I’ve now been in the most healthy, functional relationship that I’ve ever been in for twelve months and in that time, I have put on 8kg, quit yoga (which formed the basis of my identity) and feel more supported by another human being than I ever have in my life. I have changed. A relationship is more than two lives together, it is a blending of habits, routines and ways of being with another person. It is an interesting shift from being single to partnered and it challenges us to look at ourselves and the other person with some depth.
Is it normal to put on weight in a new relationship? According to a study by Taheri et al, increase in body mass index was due to less sleep and certainly, my sleep habits have changed, not only sharing a bed but sexual activity has altered my sleeping habits. Certainly, he cooks wonderful food and feeds me much richer foods than I was eating. I was on a fairly routine diet which included sometimes not eating at all in the evenings and I was certainly exercising…well, differently than I was. I do not blame him at all for my weight gain or change in lifestyle, but it has made me wonder what is going on within me to allow this? Is there another reason?

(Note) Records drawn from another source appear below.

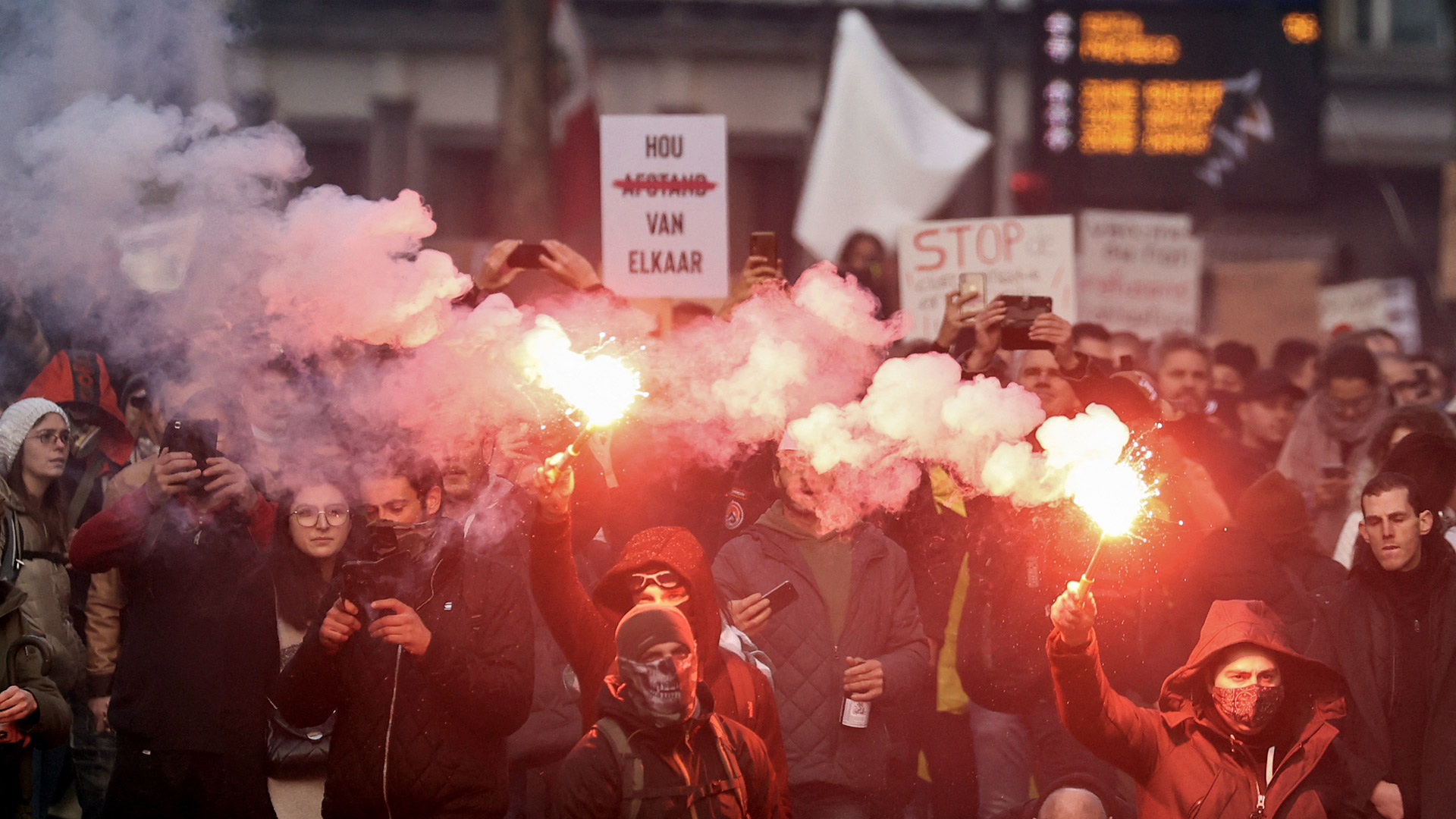 Austria Entró En Confinamiento Estricto Mientras Crecen Las Protestas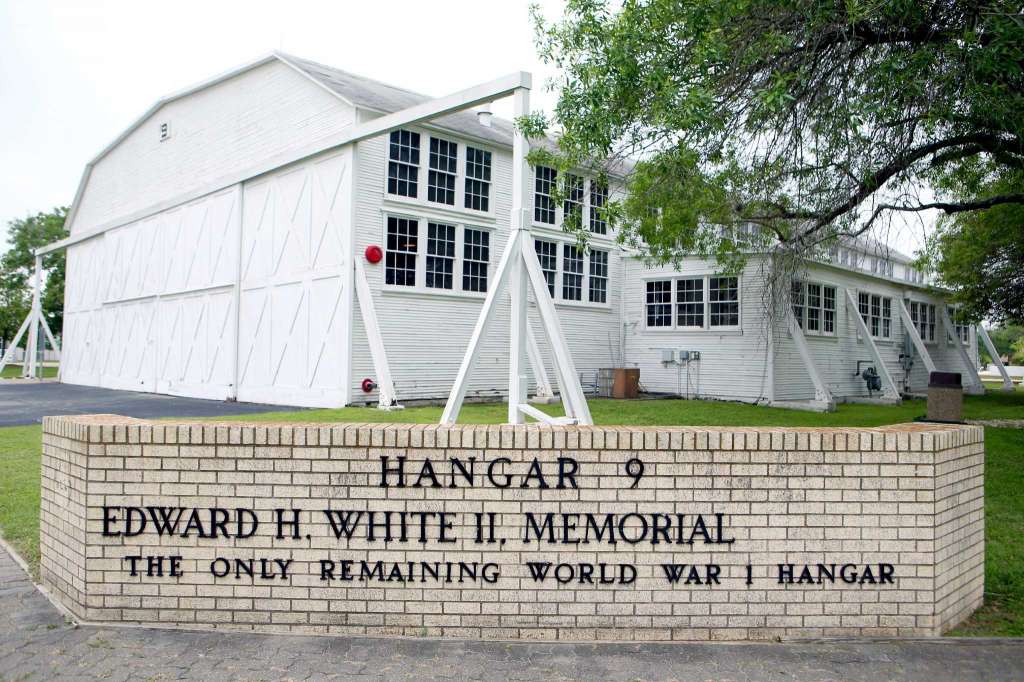 Total 71+ imagen brooks city base emergency room bw.thptnvk.edu.vn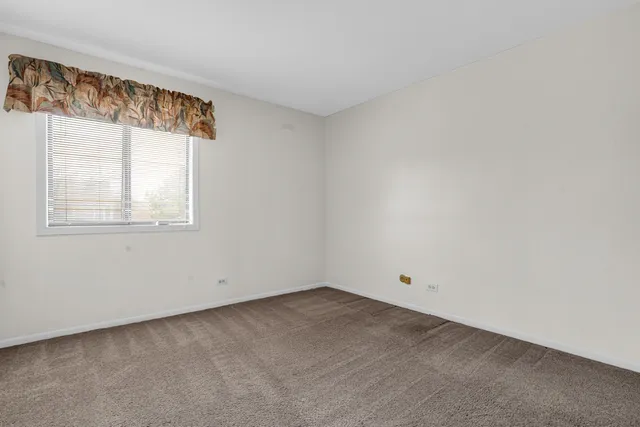 $1,900 | 150 Fountainview Lane, Unit 3B, Lombard, IL 60148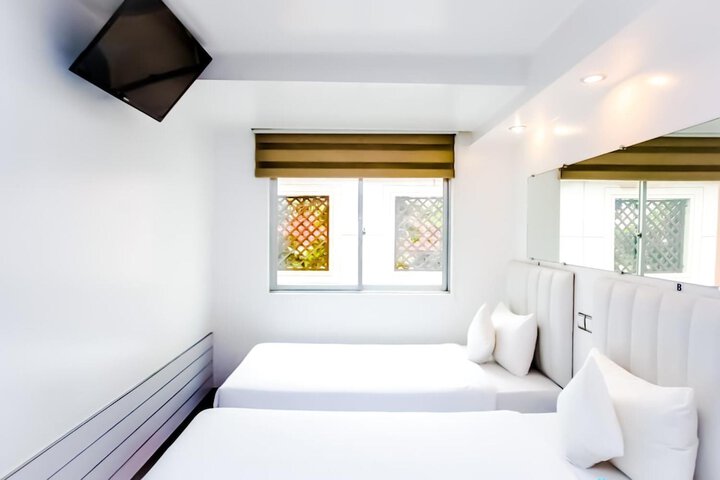 Room 26 of 66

Am I changing who I am for someone or am I protecting myself from being hurt? Am I putting up barriers for his love? In Louise L. Hay’s You Can Heal Your Life, extra fat is what we do in order to protect ourselves. But if anything, Kind Man (KM) makes me feel safe, he makes me feel supported and he makes me feel loved. However, I have changed a number of my behaviours and routines, particularly around diet and exercise in my efforts to accommodate this new “normal” in my life.
I have been in relationships where I changed who I was for a man, but this feels different. I don’t feel that he is changing me, per se, but I do feel like I am changing as a result of having him in my life and apart from the weight gain, it is a good change. I’m completely stripping back the layers of who I think I am and looking at who I was and who I want to be. Some of the activities that I was doing no longer were serving me, so I let them go. It just randomly coincided with his arrival into my life.
For most of my adult life I have been seeking a significant other, not having any conscious thought about what I would do when it arrived and now, I have someone who is willing to commit to me and my family for my entire life! I don’t need to seek anymore, yet there is still that space where the “seeking” energy sat. There is a space where much of my thoughts were directed and now, I’m not quite sure what to do with this new space in my head. So, I guess, I eat. I fill my mind up with worries about not being enough or other such nonsense. I create excuses why we shouldn’t be together when there is not ONE single reason why we should break up.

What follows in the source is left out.